Restricted Stock Unit Agreement for Employees

    THIS AGREEMENT (this “Agreement”) is made by and between HANGER, INC., a Delaware corporation (the “Company”), and the employee (the “Employee”) identified on the Company’s online electronic list of persons to whom a grant of restricted stock units has been made by the Company.

W I T N E S S E T H:

    WHEREAS, the Company desires to award to the Employee restricted stock units relating to the Company’s common stock, par value $.01 per share (the “Common Stock”), under the Company’s 2022 Omnibus Incentive Plan (the “Plan”) in consideration for the Employee’s service to the Company and its Affiliates.

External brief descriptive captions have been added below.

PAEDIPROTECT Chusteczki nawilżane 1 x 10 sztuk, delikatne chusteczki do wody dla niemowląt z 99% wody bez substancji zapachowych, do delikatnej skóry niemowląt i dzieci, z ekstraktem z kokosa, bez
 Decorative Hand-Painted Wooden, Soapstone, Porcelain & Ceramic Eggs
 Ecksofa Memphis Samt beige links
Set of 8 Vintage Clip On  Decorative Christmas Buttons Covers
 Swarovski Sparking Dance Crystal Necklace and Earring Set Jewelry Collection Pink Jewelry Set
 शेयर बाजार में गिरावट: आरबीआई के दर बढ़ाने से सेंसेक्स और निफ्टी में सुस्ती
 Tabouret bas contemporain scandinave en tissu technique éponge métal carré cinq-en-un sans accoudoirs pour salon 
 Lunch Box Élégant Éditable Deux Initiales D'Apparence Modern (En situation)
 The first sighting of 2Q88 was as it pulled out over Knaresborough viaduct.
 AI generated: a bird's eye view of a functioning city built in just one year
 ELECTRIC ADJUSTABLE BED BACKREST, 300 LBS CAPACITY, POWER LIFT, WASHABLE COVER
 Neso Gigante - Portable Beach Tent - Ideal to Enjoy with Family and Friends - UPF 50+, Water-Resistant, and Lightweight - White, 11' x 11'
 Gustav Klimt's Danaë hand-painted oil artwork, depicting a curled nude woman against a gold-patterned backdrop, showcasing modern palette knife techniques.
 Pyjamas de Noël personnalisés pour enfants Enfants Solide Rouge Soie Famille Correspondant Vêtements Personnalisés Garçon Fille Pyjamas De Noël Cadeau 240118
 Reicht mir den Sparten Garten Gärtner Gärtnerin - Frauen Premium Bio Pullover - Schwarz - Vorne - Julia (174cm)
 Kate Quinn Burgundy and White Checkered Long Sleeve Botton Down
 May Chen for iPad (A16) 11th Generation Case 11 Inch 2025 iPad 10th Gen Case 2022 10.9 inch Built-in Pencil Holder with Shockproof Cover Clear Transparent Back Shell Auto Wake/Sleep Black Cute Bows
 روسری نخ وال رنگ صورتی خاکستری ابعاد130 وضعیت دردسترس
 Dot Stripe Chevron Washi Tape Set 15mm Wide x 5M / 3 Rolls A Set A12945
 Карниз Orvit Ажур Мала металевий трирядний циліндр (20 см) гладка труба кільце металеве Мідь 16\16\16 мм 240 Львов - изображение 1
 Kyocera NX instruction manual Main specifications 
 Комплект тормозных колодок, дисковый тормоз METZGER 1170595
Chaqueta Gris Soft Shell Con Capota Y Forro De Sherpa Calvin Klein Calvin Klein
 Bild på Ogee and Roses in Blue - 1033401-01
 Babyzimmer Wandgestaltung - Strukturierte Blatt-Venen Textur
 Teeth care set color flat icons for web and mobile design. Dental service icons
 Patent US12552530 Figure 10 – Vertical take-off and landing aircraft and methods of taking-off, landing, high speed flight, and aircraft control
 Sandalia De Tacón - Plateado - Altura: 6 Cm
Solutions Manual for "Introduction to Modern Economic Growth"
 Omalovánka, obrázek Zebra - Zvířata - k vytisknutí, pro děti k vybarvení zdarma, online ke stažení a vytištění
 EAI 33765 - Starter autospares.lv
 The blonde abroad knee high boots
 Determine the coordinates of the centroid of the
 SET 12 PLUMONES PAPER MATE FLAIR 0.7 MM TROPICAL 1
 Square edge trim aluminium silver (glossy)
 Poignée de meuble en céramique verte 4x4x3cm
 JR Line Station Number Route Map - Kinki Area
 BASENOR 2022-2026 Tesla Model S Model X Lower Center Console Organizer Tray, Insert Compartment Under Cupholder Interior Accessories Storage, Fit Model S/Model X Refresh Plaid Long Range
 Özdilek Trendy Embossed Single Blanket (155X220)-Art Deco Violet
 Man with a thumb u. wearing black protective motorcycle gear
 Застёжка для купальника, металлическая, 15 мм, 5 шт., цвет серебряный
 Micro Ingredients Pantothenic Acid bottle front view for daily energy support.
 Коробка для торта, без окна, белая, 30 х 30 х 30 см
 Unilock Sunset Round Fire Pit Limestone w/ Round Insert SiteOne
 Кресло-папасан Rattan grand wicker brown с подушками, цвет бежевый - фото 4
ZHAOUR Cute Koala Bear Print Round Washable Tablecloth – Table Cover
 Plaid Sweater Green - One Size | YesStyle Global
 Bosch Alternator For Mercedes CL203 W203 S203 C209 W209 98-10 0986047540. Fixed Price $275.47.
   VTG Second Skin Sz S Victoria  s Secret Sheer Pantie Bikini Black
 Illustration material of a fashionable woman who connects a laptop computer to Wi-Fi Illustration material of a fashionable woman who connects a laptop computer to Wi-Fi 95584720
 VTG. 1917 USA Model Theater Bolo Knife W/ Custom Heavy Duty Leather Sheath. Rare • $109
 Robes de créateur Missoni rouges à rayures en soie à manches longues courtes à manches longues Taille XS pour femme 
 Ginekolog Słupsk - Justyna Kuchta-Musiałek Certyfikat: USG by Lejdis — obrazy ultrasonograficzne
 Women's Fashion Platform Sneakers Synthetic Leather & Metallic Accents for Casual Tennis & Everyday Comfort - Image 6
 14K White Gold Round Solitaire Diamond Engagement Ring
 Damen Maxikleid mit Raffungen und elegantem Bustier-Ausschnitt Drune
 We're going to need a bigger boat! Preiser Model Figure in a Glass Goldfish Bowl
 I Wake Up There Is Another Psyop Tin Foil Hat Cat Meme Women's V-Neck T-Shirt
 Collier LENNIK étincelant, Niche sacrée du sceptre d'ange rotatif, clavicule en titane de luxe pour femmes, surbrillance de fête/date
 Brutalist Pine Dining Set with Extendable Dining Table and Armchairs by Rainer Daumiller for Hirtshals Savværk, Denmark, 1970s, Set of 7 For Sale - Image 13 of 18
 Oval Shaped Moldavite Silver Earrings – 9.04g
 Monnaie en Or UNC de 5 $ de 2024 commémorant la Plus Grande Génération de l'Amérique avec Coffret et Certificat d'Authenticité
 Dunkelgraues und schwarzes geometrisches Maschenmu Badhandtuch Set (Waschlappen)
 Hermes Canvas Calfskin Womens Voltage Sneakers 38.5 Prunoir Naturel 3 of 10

    NOW, THEREFORE, the parties hereto, intending to be legally bound, do agree as follows:

    1.    Award of Restricted Stock Units. Subject to the terms and conditions of this Agreement and the Plan, the Employee is granted restricted stock units relating to the number of shares of Common Stock as set forth on the Company’s online electronic list as being granted to the Employee (hereinafter such units are referred to as the “Restricted Stock Units”) as of the date shown on the Company’s online electronic list as being the date of grant to the Employee (the “Grant Date”).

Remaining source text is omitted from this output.